So, my intent with this post was to emphasize that I really was playing devil's advocate in my last post on the middle class. I received an email from the Pew Research Center with the following plug:

Americans See Less Progress on Their Ladder of Life In the past four years, some of the edge has come off good old American optimism. As economists and politicians debate whether there is less mobility in the United States now than in the past, a new Pew Social Trends survey finds that many among the public are seeing less progress in their own lives.

I thought that I'd highlight this study [pdf] and thereby provide counter-evidence against my devil's advocacy. Well, you're just going to have to believe me that I'm agnostic on the question of middle-class insecurity because it turns out that my read of this study is that things ain't that bad.

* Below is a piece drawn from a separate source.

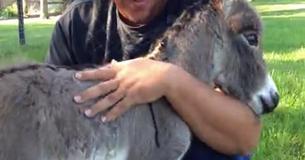 Newborn Donkey At Texas Farm Likes To Ask For Hugs Newborn Donkey At Texas Farm Likes To Ask For Hugs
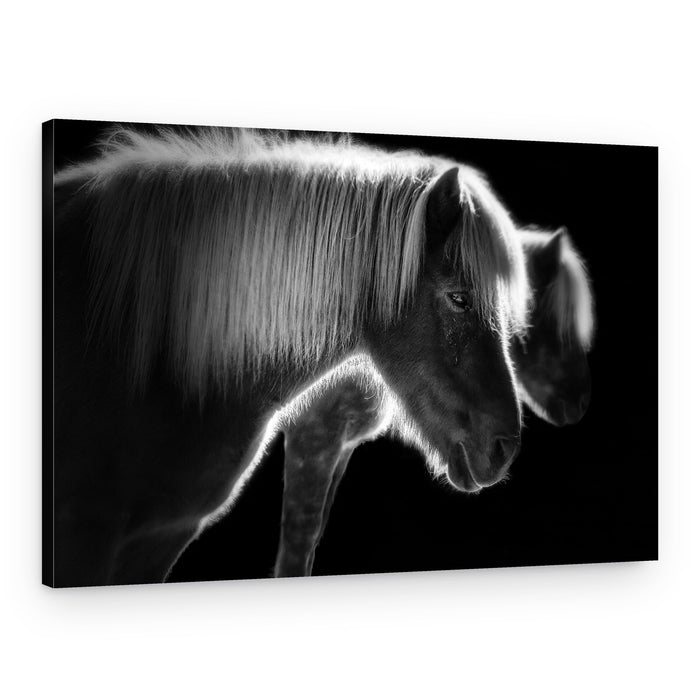 Glowing Horses Profile – Canvas Print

The report begins by noting that the number of Americans saying that they'd be better off in 5 years declined from 61 percent in 2002 to 49 percent today -- less than half the population. Sounds kind of ominous on first glance. But only 12 percent think that the in 5 years they will be worse off. It turns out that 74 percent think they will be at least as well off as they currently are (14% don't know). And while the report doesn't give the information necessary to say for sure, I'm willing to bet that the 2006 figure isn't statistically different from the figures Pew found for the years 1964 to 1979. Much of this period was actually economically a pretty lousy era, but the second half of the 1960s were robust years.

Similarly, while the number of people saying that they are better off today than 5 years ago has declined, it stands at 48 percent, versus 21 percent saying they are worse off. That's no worse than from 1976 to 1996, which again includes good years and bad years.

Next is the finding that the average rating for how respondents will be doing in 5 years is down from 1999. True enough, but it is still 15% higher than the average for how they say they are currently doing, and nearly 30 percent higher than the average for how they say they did 5 years ago. And the 5-years-from-now figure is no worse than any year between 1964 and 1997.

Young people are even more optimistic about the future, with those 18-49 much significantly more optimistic than older adults. That could be due to the fact that people earn more as they age. However, blacks and Latinos are more optimistic than whites. Optimism declines as family income increases, but 48 percent of those with less than $30,000 in income are optimistic, compared with 14 percent who think they'll do worse in 5 years.

Americans are more optimistic than their counterparts in nearly every European country.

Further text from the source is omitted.